What class do you most enjoy teaching?

Actually I most enjoy teaching the introductory larger courses. Yes there are a lot of students and it’s very difficult to get to know the students but there’s a lot of different ways to foster that. The brain scientist in me sees the brains of people in intro classes as very valuable and open. If I can get them excited about neuroscience and the brain that’s great. The opportunity to light the fire is exciting and challenging. At the same time I enjoy teaching the smaller senior level seminars where we can really get to some detailed questions because people have acquired so much background over four years. So both are rewarding.

Why did you decide to come to Dartmouth?
I think in large part because I think Dartmouth is honestly one of the few places that strikes this balance between valuing undergraduate education and creating new knowledge, whether that’s art or a bio lab or writing a book.  Faculty here are not only really good teachers but are also doing cutting- edge work. I find that attractive as opposed to places where faculty teach in a classroom and that’s all they’re really supposed to do, for instance at a small liberal arts college or at the other side in the large state institution where faculty just do research and grad students do the teaching. So I think Dartmouth has pulled faculty who really want to do both, and if they didn’t they wouldn’t be here, they’d go to one of those other institutions. So I think that makes for the ideal environment because I want to do both and students can really reap those benefits and get involved with us in research. I think a full 25 percent of the Dartmouth undergraduate student body gets involved in one-on-one research with faculty and I think that’s fabulous. And honestly Dartmouth students are brilliant and being surrounded by so many smart people is personally very exciting. There is a broad interest campus-wide in the brain and how it controls behavior.

Do you find it hard to strike this balance between teaching, research, and personal life?

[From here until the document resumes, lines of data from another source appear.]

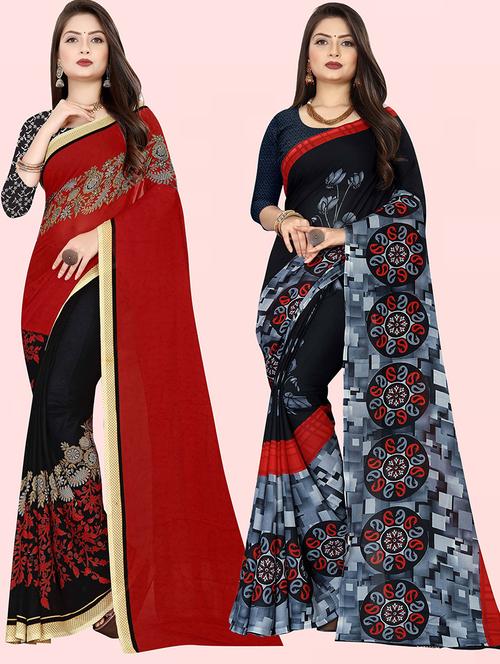 women pack of 2 casual wear combo sarees with blouse - 21476606 - Standard Image - 0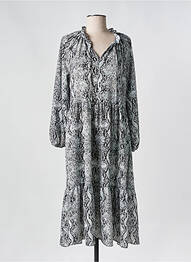 Robe mi-longue coupe fluide manches longues gris HAILYS femme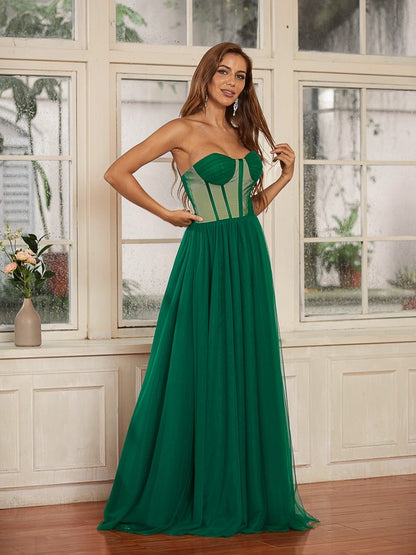 Tulle Ruffles Sweetheart Sleeveless Floor-Length Dresses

There’s always another student to talk to, another paper to read, another paper to write. It is hard to walk away and call it a day. By the same token I think Dartmouth is a place where faculty and students alike have a life outside of the classroom. We’re surrounded by this natural beauty of Northern New England. So I think there’s a healthy appreciation here for family life and doing things off-campus that everybody shares so I think it makes it a little easier to close the door and go home at the end of the day. But I have to say that when the kids go to bed and everyone else is sleeping, I’m more likely than not on the computer and doing some work at home for several hours into the night. Perhaps no one sees that but many faculty work 50, 60, 70, 80 hours a week and there’s plenty of work to do.